No Enemies, No Hatred by Liu Xiaobo & Link E. Perry & Martin-Liao Tienchi
Author:Liu, Xiaobo & Link, E. Perry & Martin-Liao, Tienchi [Liu, Xiaobo]
Language: eng
Format: epub
Publisher: Harvard University Press
Published: 2012-01-16T00:00:00+00:00
Conclusion
China has transitioned from politics-are-everything in the Mao era to money-is-everything in the post-Mao years. A totalitarian society dominated by politics has turned into a post-totalitarian society where the economy is king and “stability” is the government’s top priority. But a commonality—amorality—has underlain the two periods and has been there all along. The extreme political hypocrisy of the Mao years has blossomed, in post-Mao times, into a bouquet of hypocrisies in the several spheres of public life: officials are cynical about their governing duties, businesses are cynical about product quality, and scholars are cynical about academic standards. The whole society seems to have tossed integrity aside, as fakes and counterfeits sweep the nation. In this sea of counterfeits, the mightiest of them all—counterfeit democracy—is precisely the area that the current regime is most loath to let anyone talk about. In short, the inhumanity of the Mao era, which left China in moral shambles, is the most important cause of the widespread and oft-noted “values vacuum” that we observe today.

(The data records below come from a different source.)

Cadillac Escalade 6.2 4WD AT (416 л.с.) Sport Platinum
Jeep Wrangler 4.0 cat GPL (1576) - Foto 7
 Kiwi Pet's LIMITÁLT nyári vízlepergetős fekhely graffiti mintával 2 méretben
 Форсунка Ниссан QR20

In this situation, sexual indulgence becomes a handy partner for a dictatorship that is trying to stay on top of a society of rising prosperity. Chinese people were so repressed during the Mao era, sexually and otherwise, that when ideas about freedom trickled in from the outside, many of them had great appeal. But while ideas about political freedom—speech, assembly, elections, and so on—could have led to a liberation in the Chinese people of humanity’s best qualities, and could have brought dignity to individuals, the idea of sexual freedom did not support political democracy so much as it harked back to traditions of sexual abandon in China’s imperial times. It siphoned interest in freedom toward thoughts of concubinage, elegant prostitution, and the bedroom arts as they are celebrated in premodern pornography. This has been just fine with today’s dictators. It fits with the moral rot and political gangsterism that years of hypocrisy have generated, and it diverts the thirst for freedom into a politically innocuous direction.